== What is being asked ==
Repeat only these lines, exactly: the first line of the data, the line containing "Куртка Air Jordan", and every line between them. Pictures stay out.

== Dataset extract ==
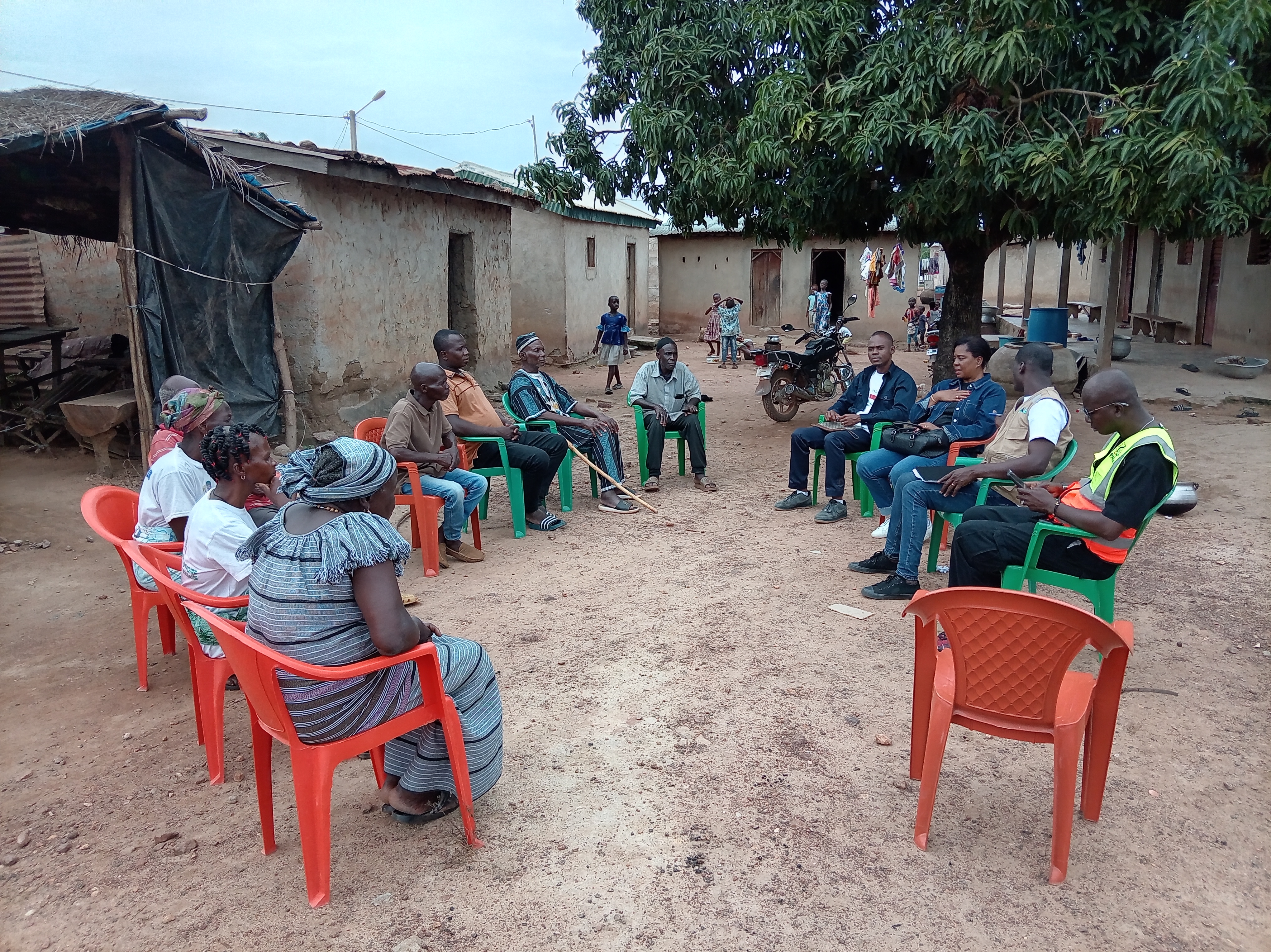 Construction de 1403 latrines familiales dans la Sous-Préfecture de Niakaramandougou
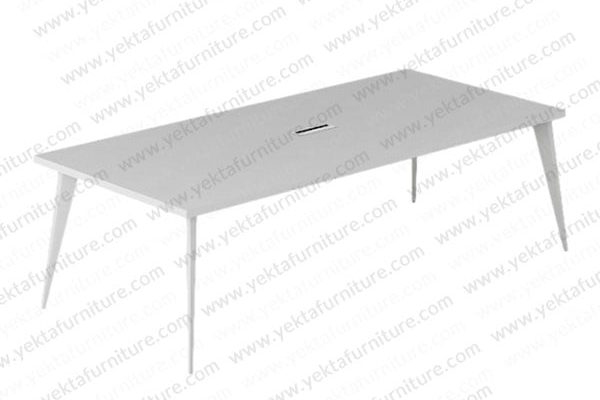 میز کنفرانس پایه فلزی مدل FMC1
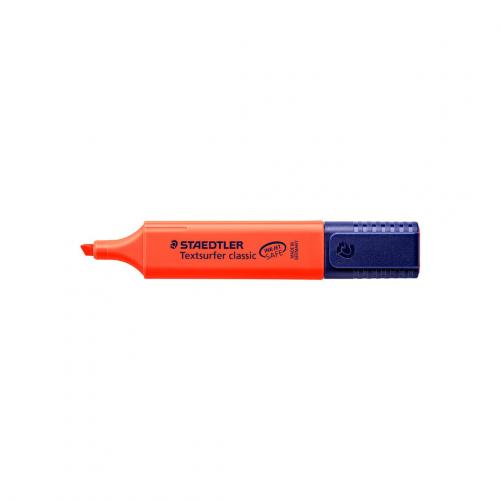 STAEDTLER TEXTSURFER FOSFORLU KALEM Kırmızı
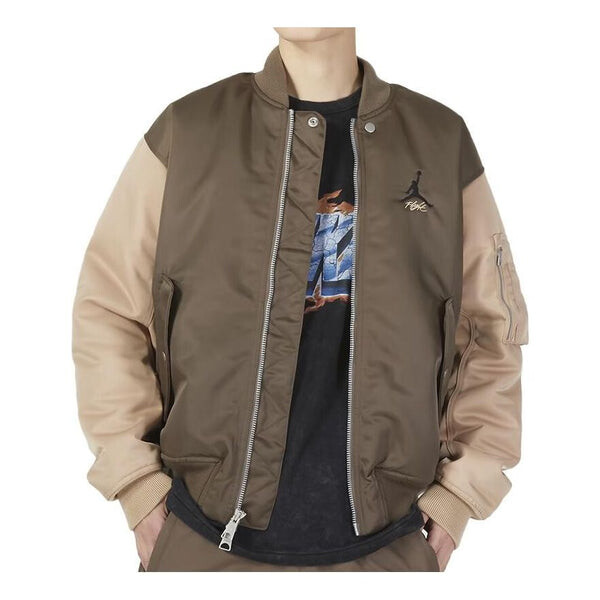 

Куртка Air Jordan Essentials Renegade Jacket 'Tan', цвет tan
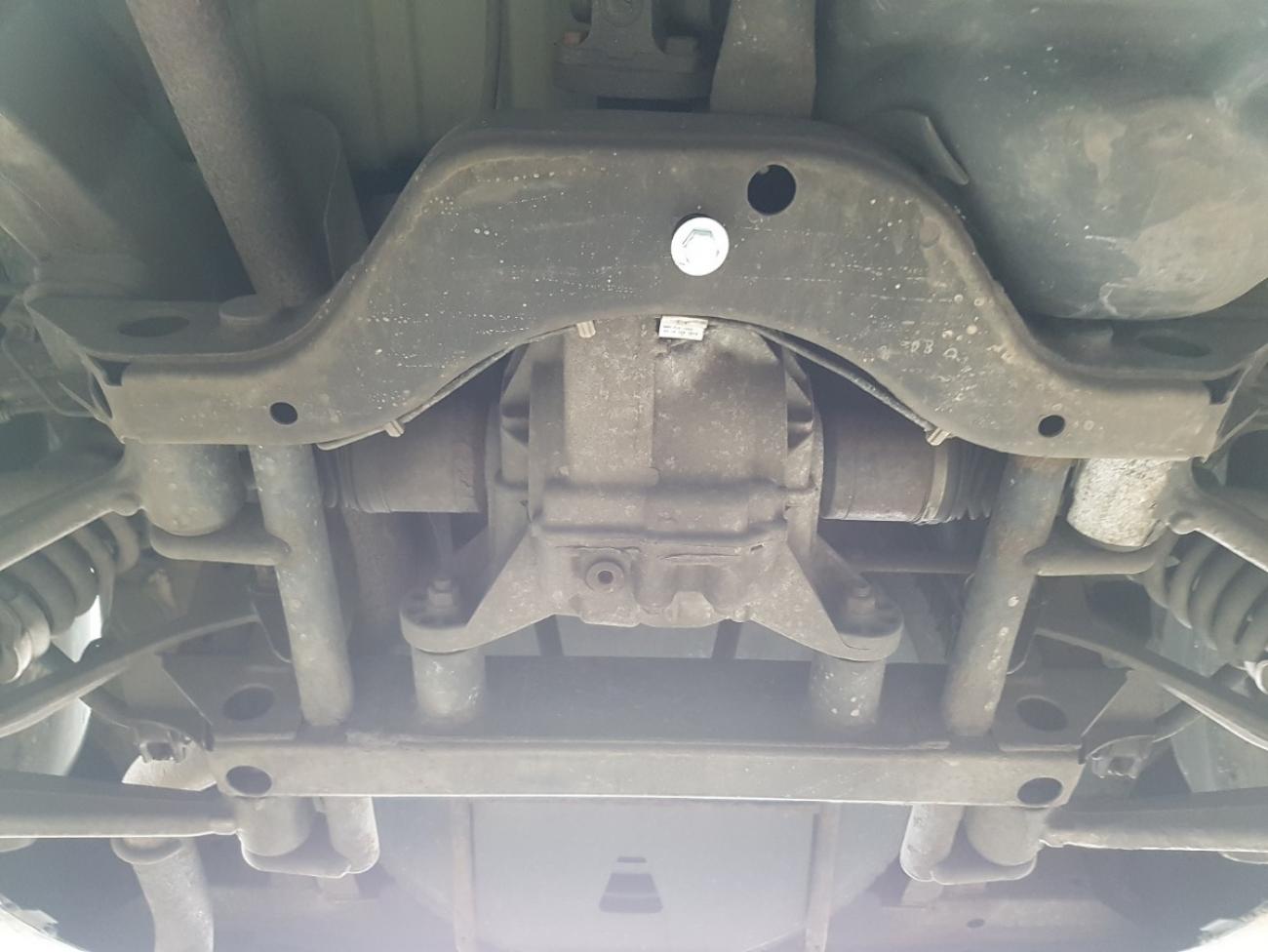 Bundplade Stål Bagdifferentiale | Mercedes ML W163 (1998-2005) - 4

== Written response ==
 Construction de 1403 latrines familiales dans la Sous-Préfecture de Niakaramandougou
 میز کنفرانس پایه فلزی مدل FMC1
 STAEDTLER TEXTSURFER FOSFORLU KALEM Kırmızı

Куртка Air Jordan Essentials Renegade Jacket 'Tan', цвет tan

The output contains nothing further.